Option 1 is the easier one to resolve. It would be helpful if we could see some graphs that show the variance of each group. Simply by eyeballing it, it is the variance difference quite extreme? Or fairly similar? All sorts of rules of thumb are thrown around, but many people seem to power ahead when the largest variance is no more than three times the smallest variance. So try looking at your data this way, rather than relying on the statistical test.
Option 2 may work. There are a variety of transformations that may stabilise your variance (Box-cox, square root, log, etc.). Whether this stabilisation comes at the cost of your normality is another question.

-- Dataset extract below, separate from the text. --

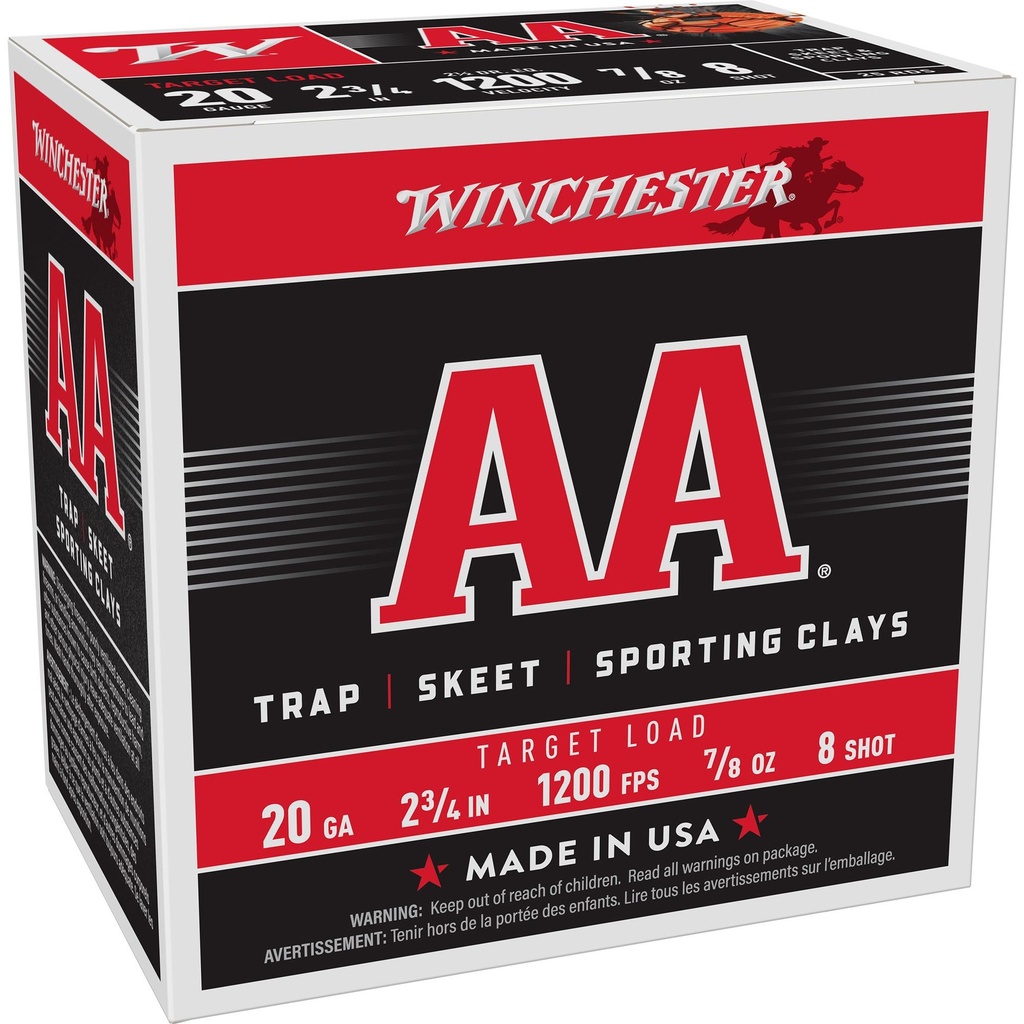Winchester Ammunition AA Target 20GA 2.75" #8 25 Round Box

Also of note is that transformations typically make the interpretation of your data much more difficult. You would need to carefully think about the transformation that you're applying, and how it is going to affect your interpretation.
Finally, option 3. There are several procedures for dealing with heteroescasdicity. You might want to look at robust regression, using rlm
in the MASS
package. There might also be non-parametric options such as adonis
in the vegan
package (although I'm not sure if that will deal with unequal variance).
Finally, you could use a process that explicitly models the variances, rather than making assumptions about them. I would recommend looking at gls
in the nlme
package as well as this answer.
Explicitly modelling unequal variances in a linear model to get better conf/pred intervals?
Hope some of this will help solve your problem.